Advocacy and community care by the queer  and trans community has been instrumental to Canada and British  Columbia’s relatively successful HIV prevention and treatment plans,  Montess said.

But HIV can infect anyone. Substance use,  having multiple sexual partners and having sex without using a physical  barrier like a condom or dental dam are key risk factors.

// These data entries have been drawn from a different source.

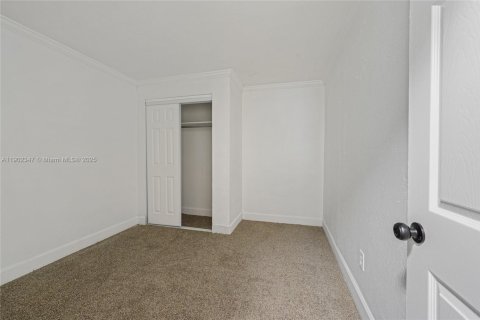 Casa en venta en Pompano Beach, Florida, 3 dormitorios, 117.06 m2 № 1953771 - foto 18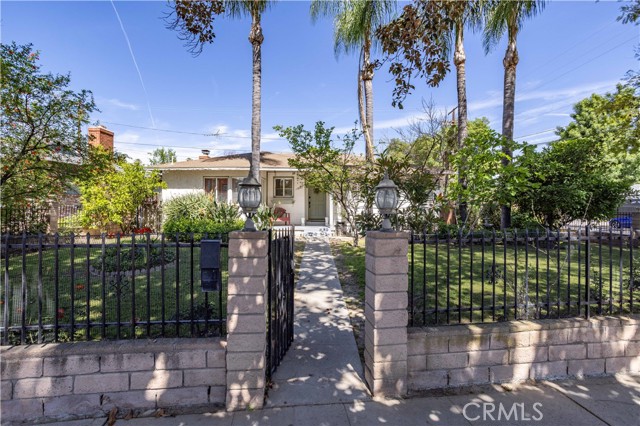 Front Image Thumbnail for CRSR26063888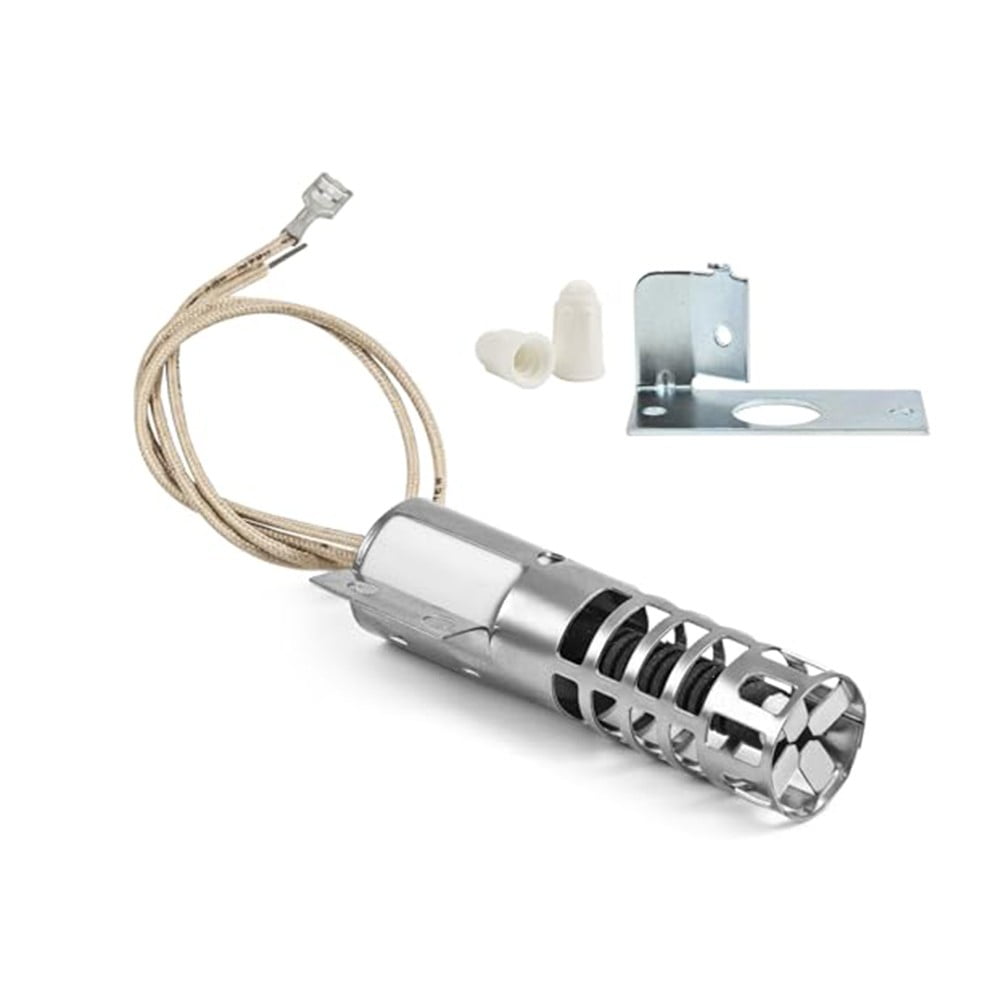 Wb2X9154 Oven Igniter For Ge Gas Range Replacement Part Simple Install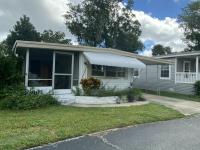 1973 Glen UNK Mobile Home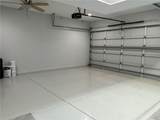 2875 Moonlight Drive - Photo 28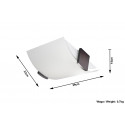 Plafonas EMILIO - 5 - 53,18 €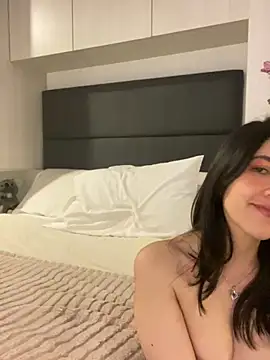 saori 10 online show from January 1, 2025, 10:54 am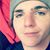 Kody Larson's profile image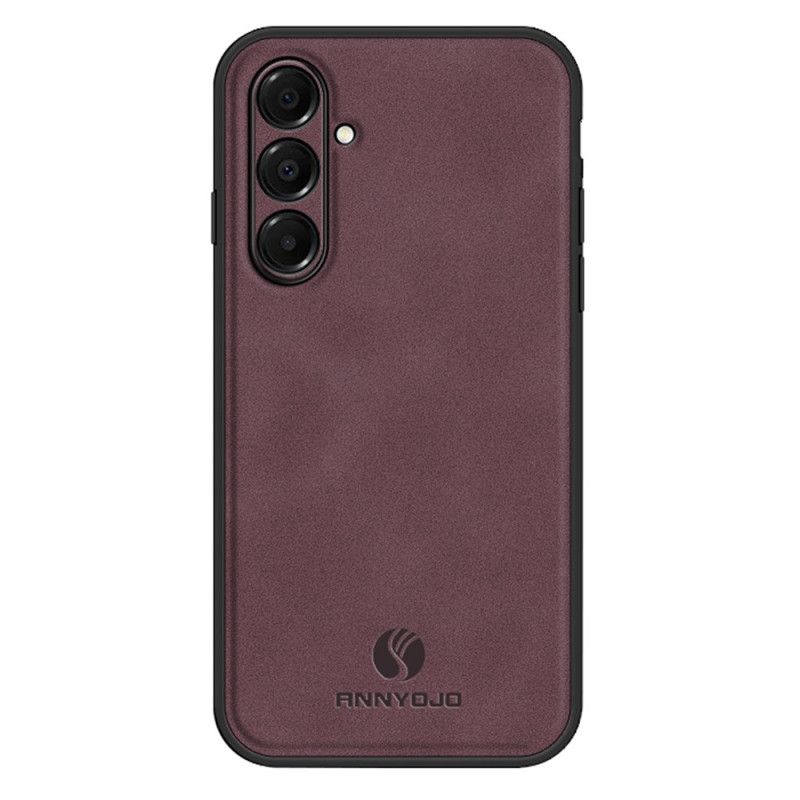 Deksel Samsung Galaxy A17 4g / 5g Annyojo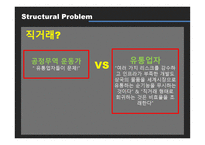공정무역 FairTrade-20
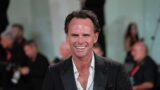 Walton goggins: curiosità sorprendenti sull’attore che devi scoprire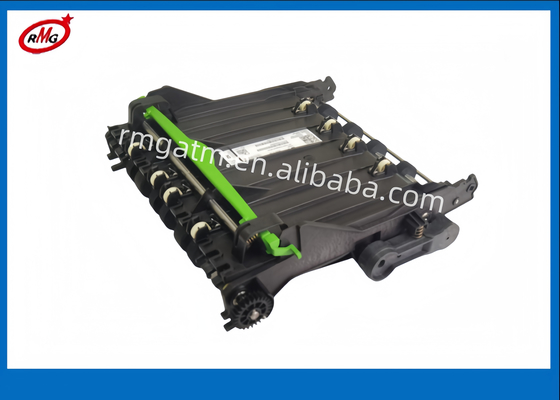 1750333524 01750333524 Bagian Mesin ATM Diebold Nixdorf HT Kepala Pengangkutan Pendek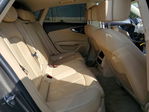 Audi A7 2014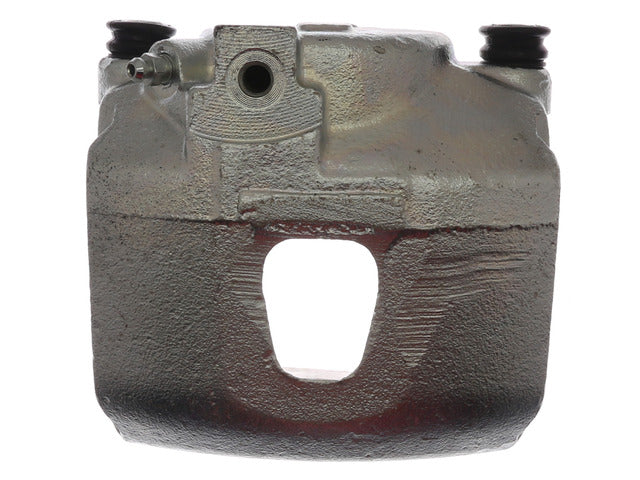 Raybestos Brakes Disc Brake Caliper P/N:FRC10510C Fits: Ford Bronco 96-94, Ford E-150 03-02, Ford E-150 Club Wagon 2003, Ford E-150 Econoline 02-94, Ford E-150 Econoline Club Wagon 02-94, Ford F-150 96-94 - Image 4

The working group is partnering with the  Community-Based Research Centre in Vancouver to study how to make  long-acting injectable PrEP more available to people living in rural and  remote areas, as well as to people who are Indigenous, Black,  racialized, trans, non-binary, Two-Spirit or using substances when it  arrives.

Trust in health care is low among these  demographics due to historical and ongoing medical racism and neglect,  Montess added, and many people do not wish to access health care more  than they need to.

The project aims to engage these groups and  look at how health-care providers, whether at sexual health clinics,  pharmacies, family doctor offices or street outreach teams, can reduce  barriers to providing PrEP.

PrEP is free for people in B.C. who are  enrolled in MSP, but people elsewhere or who are uninsured may have to  pay the $250 average monthly cost out of pocket.

Some people may also move or travel and  need an easy way to arrange their next shot in a new location, Montess  said, and some may not have a doctor who is familiar or comfortable with  prescribing PrEP due to ignorance or stigma.

While long-acting PrEP has not yet been  submitted for approval in Canada, Montess says it is important to  improve existing treatments and ensure new ones are as effective as  possible.

“We’re really trying to anticipate its  eventual arrival in Canada so that we can hit the ground running,” he  said, “and make sure that we’re learning specifically from our  experience with oral PrEP to pre-empt certain challenges when it comes  to uptake and adherence.”